Religion to go

Von Ralf Bei der Kellen · 09.12.2008
Der "Gebetomat" ähnelt äußerlich einem Passbildautomaten mit einer Kabine und einem Münzschacht. Für 50 Cent erklingen fünf Minuten lang Gebete. 300 Stück stehen zur Auwahl - von Lateinisch bis Syrisch. Der Automat für das Gebet ist eine Erfindung des Künstlers Oliver Sturm und hat unter anderem auf dem Berliner Weihnachtsmarkt einen Platz gefunden.
Alle Jahre wieder findet in der Sophienstraße im Berliner Stadtteil Mitte zur Adventszeit ein Weihnachtsmarkt statt. Hier kann man sich mit Glühwein, Holzkrippen und anderen Accessoires gut vier Wochen lang auf Weihnachten einstimmen. Hinter dem Stand mit den heißen Maroni, in der Toreinfahrt zur Sophienstraße 18, steht ein merkwürdiger Automat. Aus ihm dringt Musik, die nicht so richtig in das vorweihnachtliche Ambiente passen will.

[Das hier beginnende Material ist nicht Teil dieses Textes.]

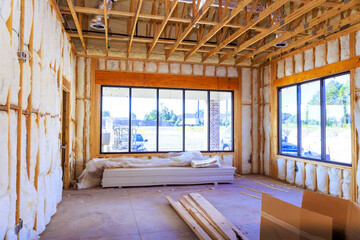 Fototapeta premium Inside building under construction exposed framing, insulation, unfinished floors, tools, materials.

Äußerlich ähnelt das Gerät einem Passbildautomaten. Setzt man sich in die Kabine und wirft ein Geldstück in den Münzschacht, erklingt eine zunächst etwas befremdliche Ansprache:

"Guten Tag! Willkommen im Gebetomat. Sie haben nun die Möglichkeit, unter zahlreichen Gebeten das für Sie passende zu wählen."

Der Gebetomat ist eine Erfindung des Künstlers Oliver Sturm. Er demonstriert die im Automaten vorhandene Auswahl an über 300 Gebeten. Zum Beispiel das Vater unser auf Lateinisch. Die einzelnen Klangbeispiele wählt Sturm über einen Touchscreen an. Christentum, Islam, Hinduismus, Voodookulte oder Freikirchen - sie alle sind im Gebetomat vertreten.
"Es ist so, dass die Religionen alle gleichberechtigt präsentiert werden, also es gibt keine Hierarchie. Es geht auch nicht darum, die Religionen abzubilden, sondern es geht darum, das Beten abzubilden. Deswegen sind auch Gruppen vertreten, bei denen man stutzen würde: Zum Beispiel ist Scientology auch mit einem Gebet dabei oder die Solomon-Inseln."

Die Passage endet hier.